Enter the Dragon: XML

Enter the Dragon: XML

May/June Edition, 2007: Allowing people to talk to machines was the first step. The next was enabling machines to talk to machines. Peter Webb canvasses the evolution of XML and its importance to real time e-commerce and SOA.

Readers of last edition’s column will recall that we discussed the major problems of traditional means of systems integration, which basically have relied on low level, direct point-to-point communication. The first is that the systems become “closely coupled” – a relatively minor change to one system (for example to its database structure) can cause another system to fail. The second is that as the number of systems increases, the number of potential point-to-point links increases as the square of the number of nodes – get enough servers and the problems start getting completely unmanageable.

As of the mid 1990s, the industry knew it had a problem, and even knew it had a name for the solution – a “Service Oriented Architecture”, all that was lacking was an actual solution.

The answer came from the web development industry, to address an almost unrelated problem. The issue was the limitations of html, which is the language used to describe the layout of pages in web browsers. The html language is almost completely a set of instructions for how information should be displayed, and contains almost no information about what the individual components “really” are. For example, if you want all your headings in purple and bold, html just allows you to essentially say “display the following in purple and bold”. What you really want to say “the following are headings, use the standards for headings”, much as you do in Word. This potentially allows the browser to cater for different local issues – like if the web page was on a mobile phone, or perhaps being accessed by a blind person.

Each of these environments would have a different profile for how a heading should be displayed. Of more commercial importance were issues relating to internet commerce. If you have an on-line price list, it would be far better if the browser “knew” that the amounts in the cost column really were costs, and the quantities were quantities, etc. This avoids a lot of programming effort and communication traffic to make the form behave intelligently.

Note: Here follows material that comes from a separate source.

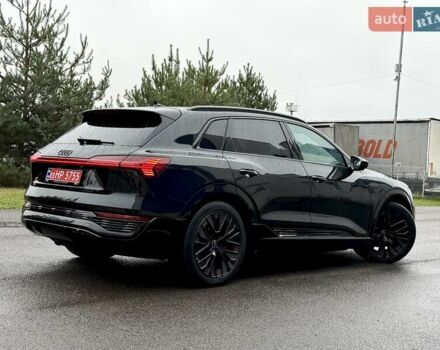 Черный Ауди Q8 e-tron, объемом двигателя 0 л и пробегом 32 тыс. км за 56700 $, фото 9 на Automoto.ua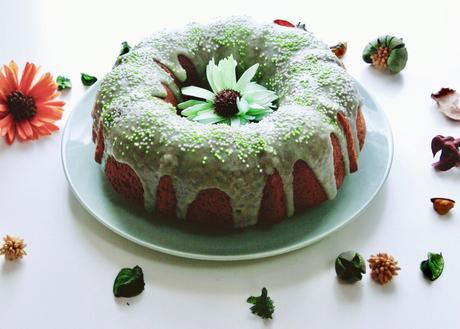 BIZCOCHO DE AGUACATE CON TE MATCHA BIZCOCHO DE AGUACATE CON TE MATCHA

So what they needed was a standard that defined what different fields on the page were, and their relationship to each other - a general purpose way of describing the information fields on the document, with instructions on how to display them held separately. To do this, they dipped into the standards bag of word processing and publishing in general, and pulled out a somewhat decrepit 1960s standard known as “SGML”, stripped it down to its bare essentials, renamed it as XML, and by 1996 had it agreed as the new standard by the W3C (the internet standards body).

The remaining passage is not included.